Material for this exercise:
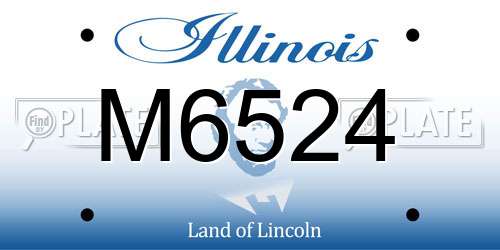 M6524 Illinois License Plate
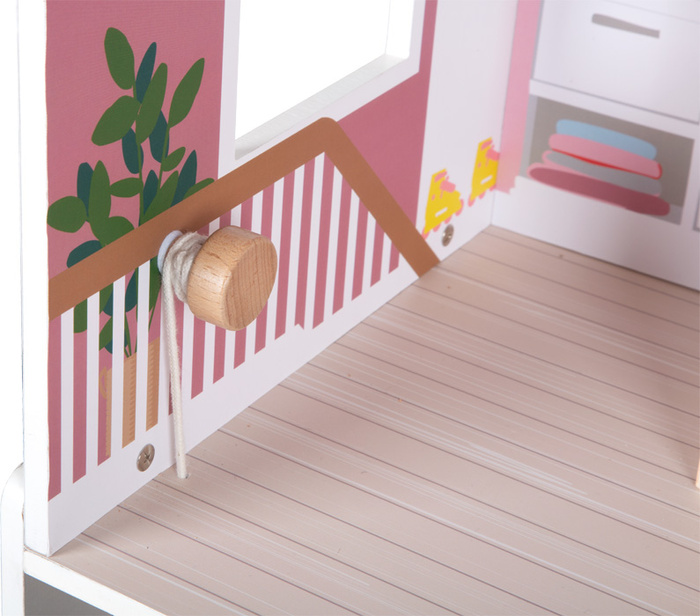 Domek dla lalek z wyposażeniem 3 piętrowa Dream Villa XL winda i balkon Small Foot 12730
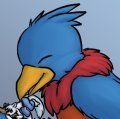 Blue Birdy Bastard Brings Babies Bait 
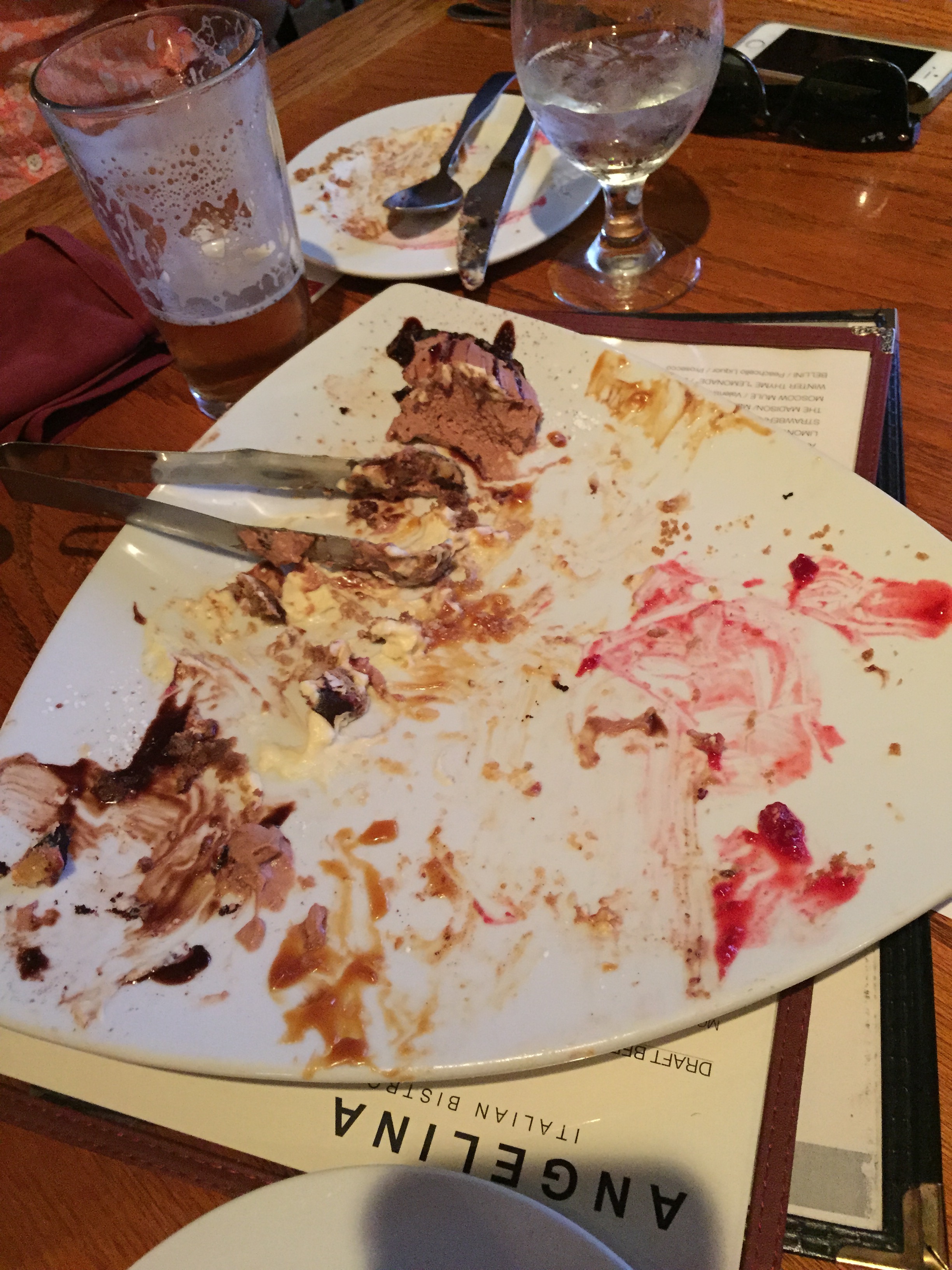 Dessert at Angelina Italian Bistro was eaten before we could even snap a picture.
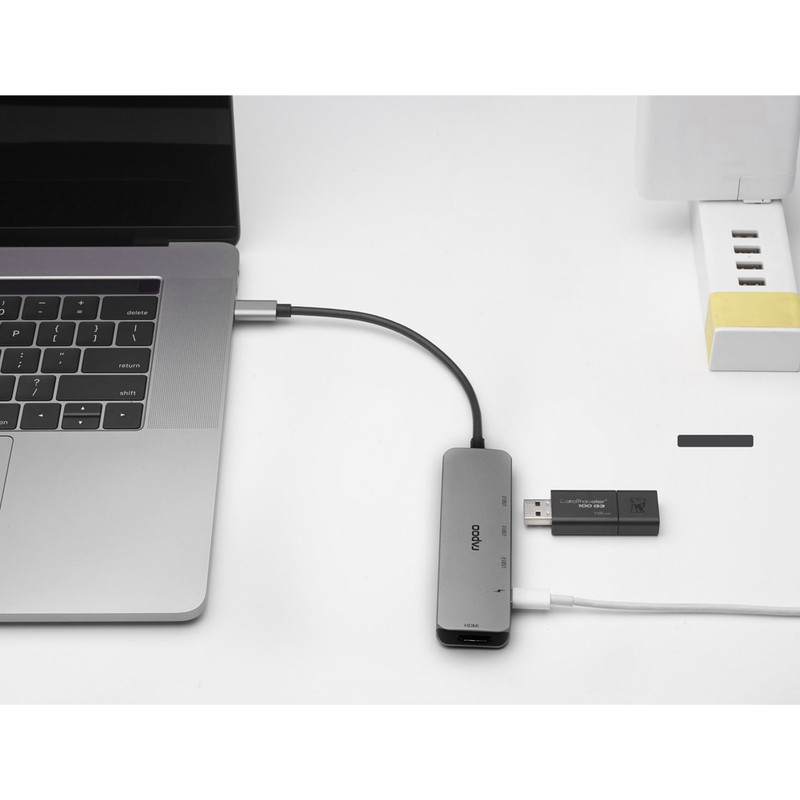 هاب 3 پورت USB-C رپو مدل XD100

Assignment:
Your task is to reproduce exactly the lines from the one that holds "Blue Birdy Bastard Brings Babies Bait" to the last line of the listing, and only those, omitting the pictures.

Written answer:
 Blue Birdy Bastard Brings Babies Bait 
 Dessert at Angelina Italian Bistro was eaten before we could even snap a picture.
 هاب 3 پورت USB-C رپو مدل XD100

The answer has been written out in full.